I wanted to close my business Internet account with Charter/Spectrum, so I took my modem and went to their storefront on the other side of Worcester. There I waited for 15-20 minutes because, although there were plenty of people working, each customer took a long time. Finally, my name is called, and I go to the agent’s station. explain what I want to do, and confirm my account information (with ID).
The agent looks things over on his screen, leaves for a few minutes, and comes back to say that they can’t close a business account here. I have to call a special number, which he writes on a yellow stickie note. I ask if I can turn in my modem. He said no, but I could drop it off at any UPS store.
Puzzled, I left. From my car, I made the call. The automated system asked if I wanted to use voice recognition to speed up the verification for the future. I said ok and then waited.
The call center agent took my information and said, several times, that she was “waiting for the page to populate.” Oh, and did I have my security code. No, I didn’t. I was calling from my car and couldn’t get at any billing statement. She found another way to confirm that I was who I said I was.
After another five minutes, she said that she couldn’t close the account because there was a pending work order. I had had messages about an outage, but didn’t respond because I wasn’t going to be at the place where my business Internet was located and was going to close it anyway. This work order had to be cancelled so that I could close my account. I heard the agent say softly “Customer changed mind,” as she cancelled the work order.
“I’m going back out and try it again,” she said. “This should allow me to move forward with the disconnect.” While waiting, she asked if I wanted their mobile phone service. I didn’t want to ask if I could do that without being a Charter/Spectrum customer because that would prolong and already too long conversation, so I said no.

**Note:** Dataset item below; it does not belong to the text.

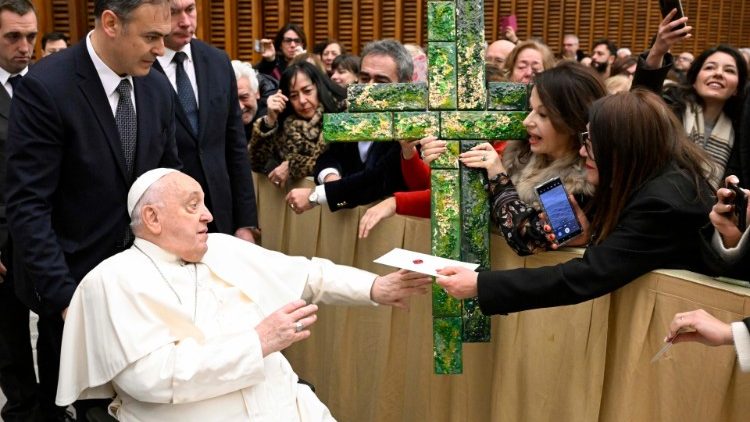 Papa: o bullying nas escolas é preparação para a guerra, não para a paz - Jornal O São Paulo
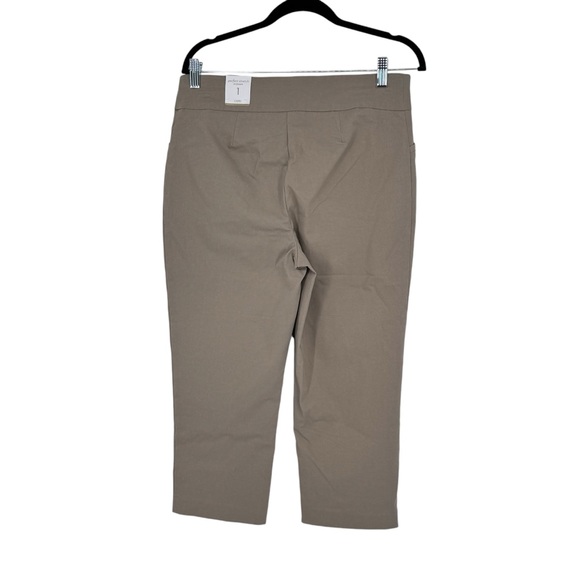 NWTs Chico’s Size 1 (8) Taupe Rayon/Nylon/Span Perfect Stretch Josie Capri Pants - Picture 6 of 14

Finally, the account was closed. She gave me a 20-digit confirmation number and told me to go to any UPS store to drop off my modem.
That 15-minute phone call, after a comparable wait at the store, could have been handled either at the store or by a web transaction. But, in the name of customer service, I guess, they made it a lot harder to do something so very simple.
And, yes, I did drop off the modem at the UPS store. That was easy.